### DATA SUPPLIED
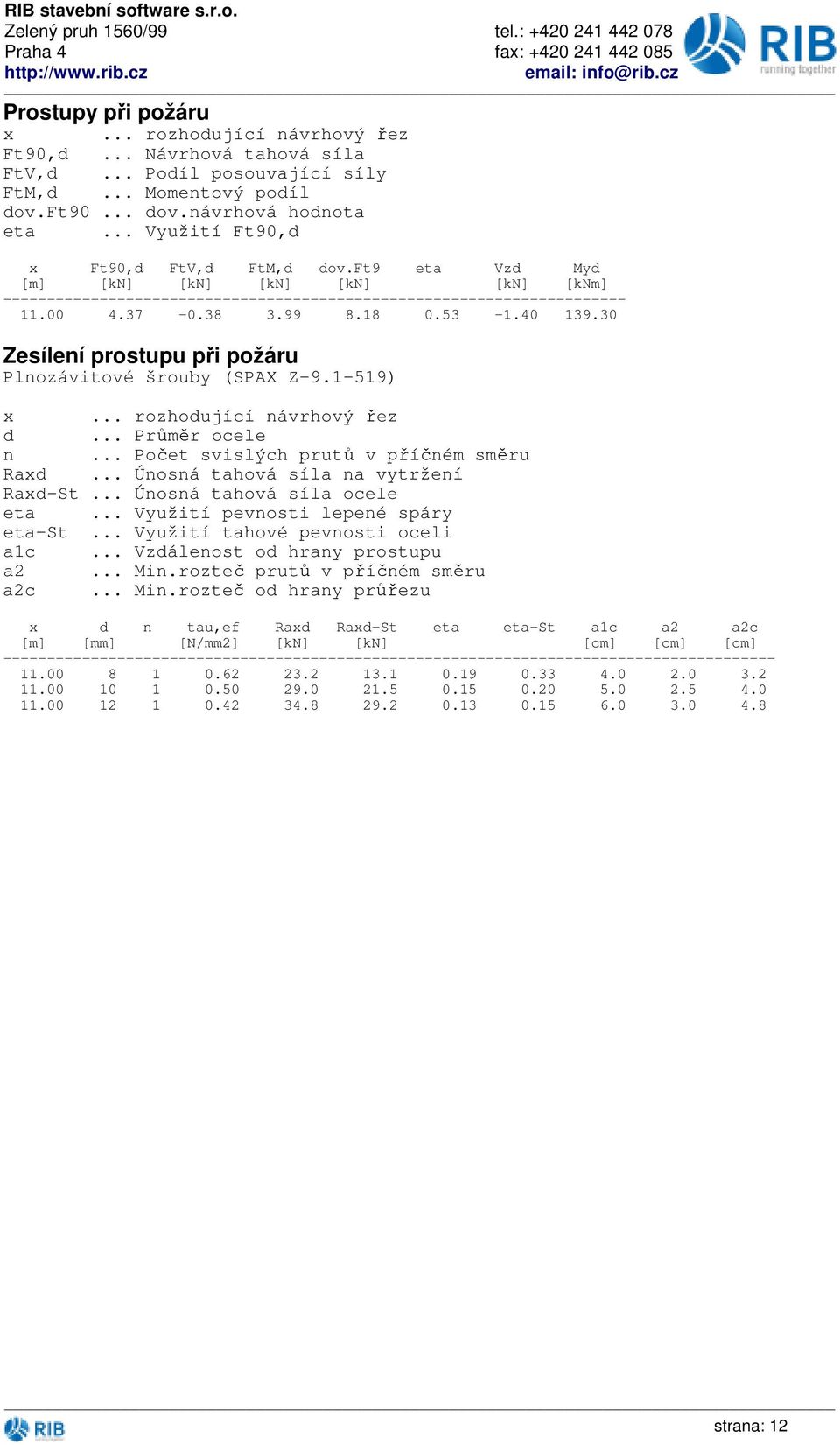 40 139.30 Zesílení prostupu při požáru Plnozávitové šrouby (SPAX Z-9.1-519) x... rozhodující návrhový řez d... Průměr ocele n... Počet svislých prutů v příčném směru Raxd.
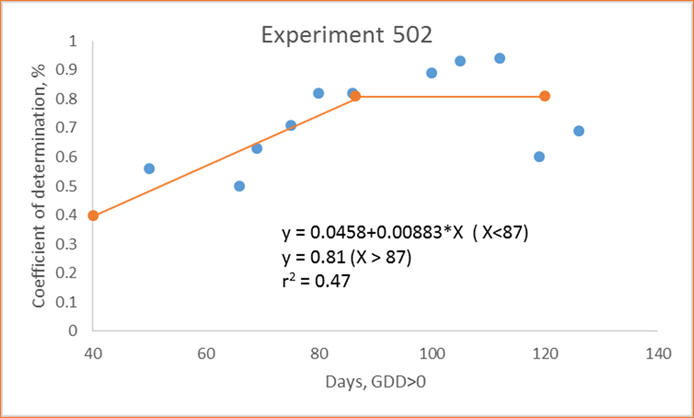 502 linear plateau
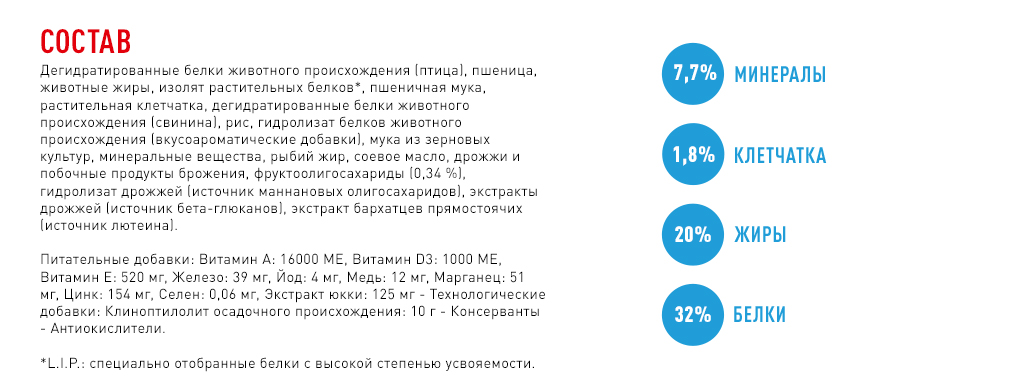 состав корма состав корма
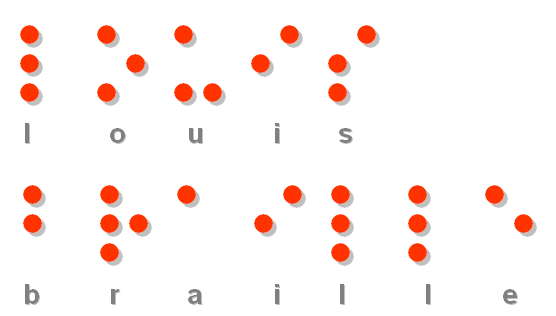 File:LouisBraille.png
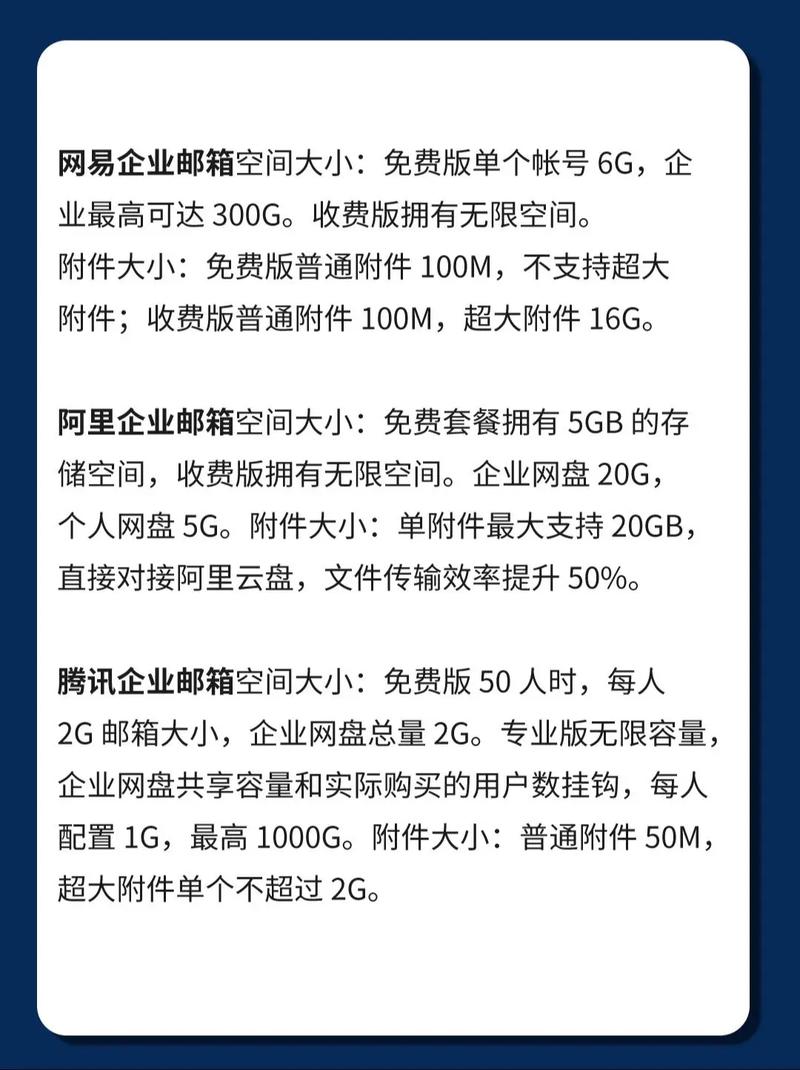 企业邮箱对公司有哪些实际效益体现？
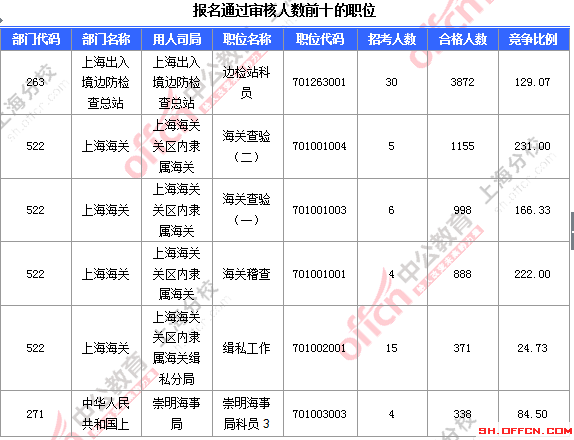 2016国考上海审核人数 2016国考上海审核人数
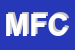 Logo di MINOTTI FERDINANDO e C SNC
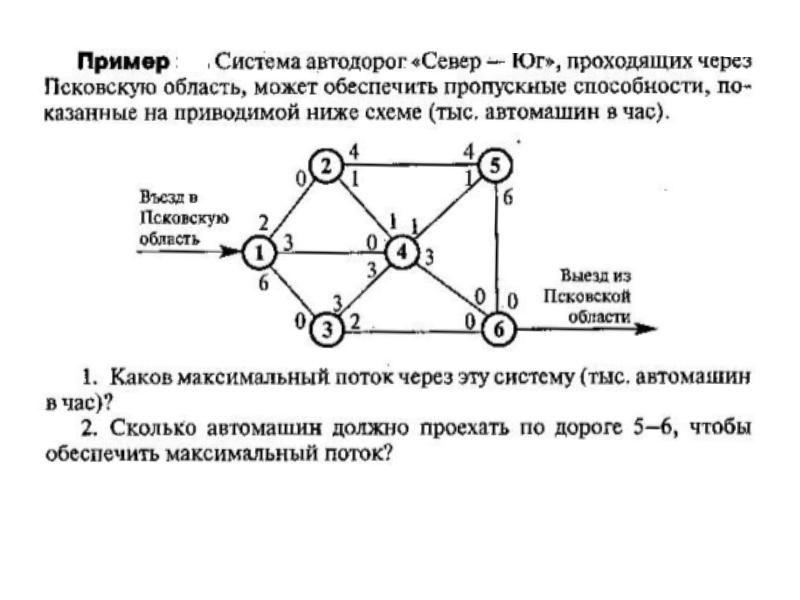 Теория графов проект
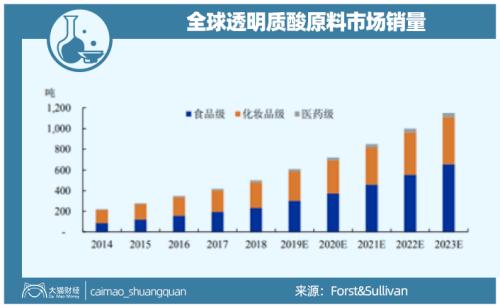 山東最暴利公司，掏空了多少男人的錢包？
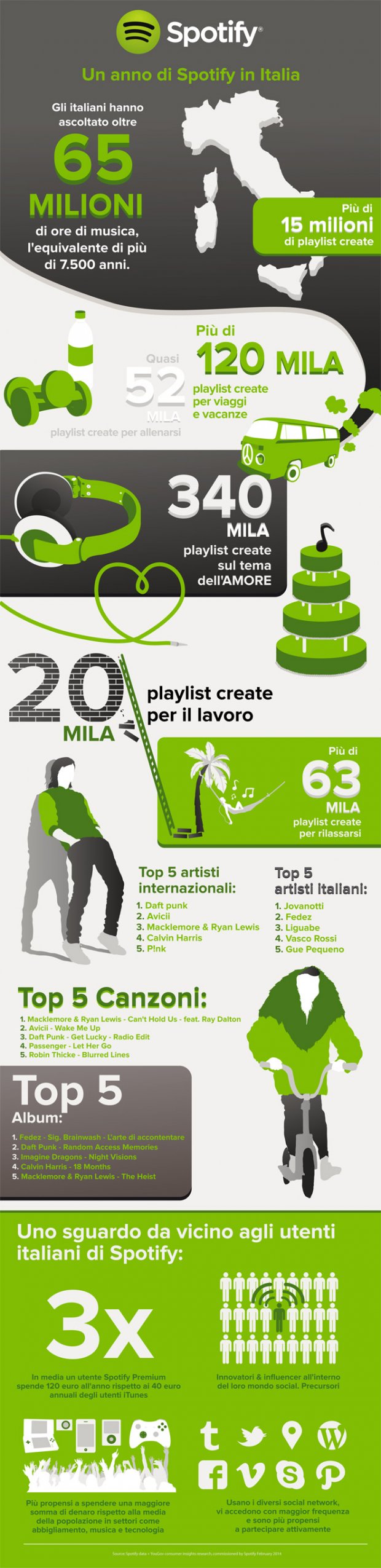 Spotify-infografica-italia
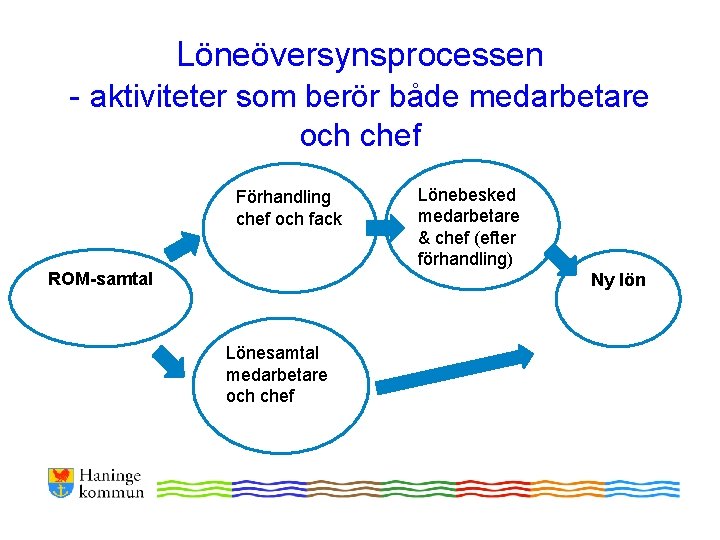 Löneöversynsprocessen - aktiviteter som berör både medarbetare och chef Förhandling chef och fack ROM-samtal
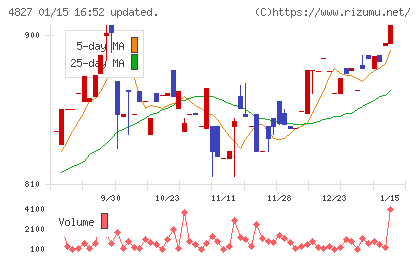 ビジネス・ワンホールディングスチャート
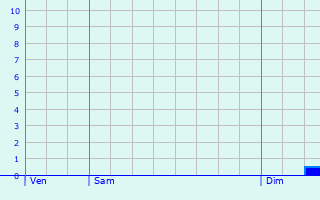 Graphique des précipitations prvues pour Argentona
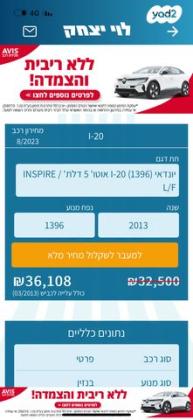 יונדאי i20 Inspire אוט' 1.4 (100 כ"ס) [2009-2015] בנזין 2013 למכירה ברחובות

### WORK TO COMPLETE
Give back exactly the lines from the line with "Теория графов проект" through the final line of the entries above, and keep pictures out of the copy.

### ANSWER AREA
 Теория графов проект
 山東最暴利公司，掏空了多少男人的錢包？
 Spotify-infografica-italia
 Löneöversynsprocessen - aktiviteter som berör både medarbetare och chef Förhandling chef och fack ROM-samtal
 ビジネス・ワンホールディングスチャート
 Graphique des précipitations prvues pour Argentona
 יונדאי i20 Inspire אוט' 1.4 (100 כ"ס) [2009-2015] בנזין 2013 למכירה ברחובות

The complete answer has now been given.